Managing supply chains and B2B payments means firms have to navigate complex order to cash (O2C) cycles. Brandon Spear, president at MSTS, tells Karen Webster that automating processes across procurement and invoicing, and embracing credit as a service, can help reduce the challenges of managing cross-border commerce.
In B2B, suppliers and getting them paid is a friction-filled process.
The friction is especially acute in manufacturing. The relationships between manufacturers and their suppliers often cross borders, and payments can involve several different currencies.
Part of that is due to the fact that, as PYMNTS research shows, 43.8 percent of invoices are still delivered via fax machine and 72.4 percent arrive via postal mail. And the inefficiencies have ripple effects.
In an interview with Karen Webster, Brandon Spear, president at MSTS, took note of the fact that manufacturing makes up a significant portion of the U.S. economy, and that a continued embrace of technology and outsourced receivables management is underway.
“There’s a fair amount of reinvention occurring,” he told Webster, “in the way distribution channels work and the way sales channels work.”
Spear said buyers have put a “tremendous amount of investment” into ERP and procurement software. There is an expectation among those buyers that manufacturers will, in turn, adhere to their customers’ procurement processes and preferences. Manufacturers have to scramble to work with those far-flung ERP systems and integrations to keep business and payment flows open.
Extending Credit
The conversation turned to Credit as a Service®, offered as part of outsourced receivables management.
O2C solutions can help manufacturers and buyers navigate credit challenges, as firms can set payment terms, apply for credit and track rebates through Credit as a Service.

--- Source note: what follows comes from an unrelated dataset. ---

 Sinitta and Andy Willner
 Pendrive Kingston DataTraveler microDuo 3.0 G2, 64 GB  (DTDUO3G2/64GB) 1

Outsourcing programs with acting effectively as a lender, eliminate payment risk to the supplier, Spear noted.
And where payments may be late, he said, it’s usually because companies are missing details, incorrect information has been provided or recipients don’t know what to do with the invoices.
Automating at least some of those processes and integrations (through solutions such as those provided by MSTS) can eliminate the pain points across the O2C spectrum. Getting the integration or procurement processes wrong – or keeping them confined to manual settings – will trigger a negative downstream impact on the ability to collect on invoices and get paid in a timely manner, warned Spear.
By way of illustration, he offered the example of a distributor selling to an end customer.
“The dilemma for a distributor is that usually, they are operating on pretty thin margins, and so have as much automation as possible,” Spear said. The automation comes as MSTS enables that distributor to link point of sale devices, eCommerce platforms and even CRM platforms directly with the end customer. Invoice data flows seamlessly across physical, eCommerce or sales channels.
“For example, if every customer requires a purchase order on the invoice, you can make sure it is captured and placed in the right place on the invoice, and then you pass that invoice back electronically to that customer, and it goes back into their procurement software or the ERP software,” Spear told Webster.
The continuous and seamless data flow, he added (along with lines of credit that pay and reimburse buyers and sellers based on the terms to which they’ve agreed), enables firms to get paid quicker, which in turn helps lift working capital constraints.
Against this backdrop, Spear said, visibility and data are paramount.
The drivers toward automation are a bit different for manufacturers and distributors. Manufacturers may be focused on market share, while distributors are concerned with optimizing their cost structures.
Along the supply chain, said Spear, manufacturers tend to be starved of end-customer data. If there’s a distributor between the manufacturer and the customer, the former won’t know much about the latter’s buying habits.
Digitizing the information flow, he added, provides what he terms “feedback loops” to manufacturers about what end customers are buying – and what they might want to buy next. For the distributors who optimize their invoicing processes, there is the chance to participate in national programs offered by large manufacturers.
“In general, when you’re able to free up some of that working capital, you give the suppliers choices around how they can grow and expand their business,” Spear told Webster.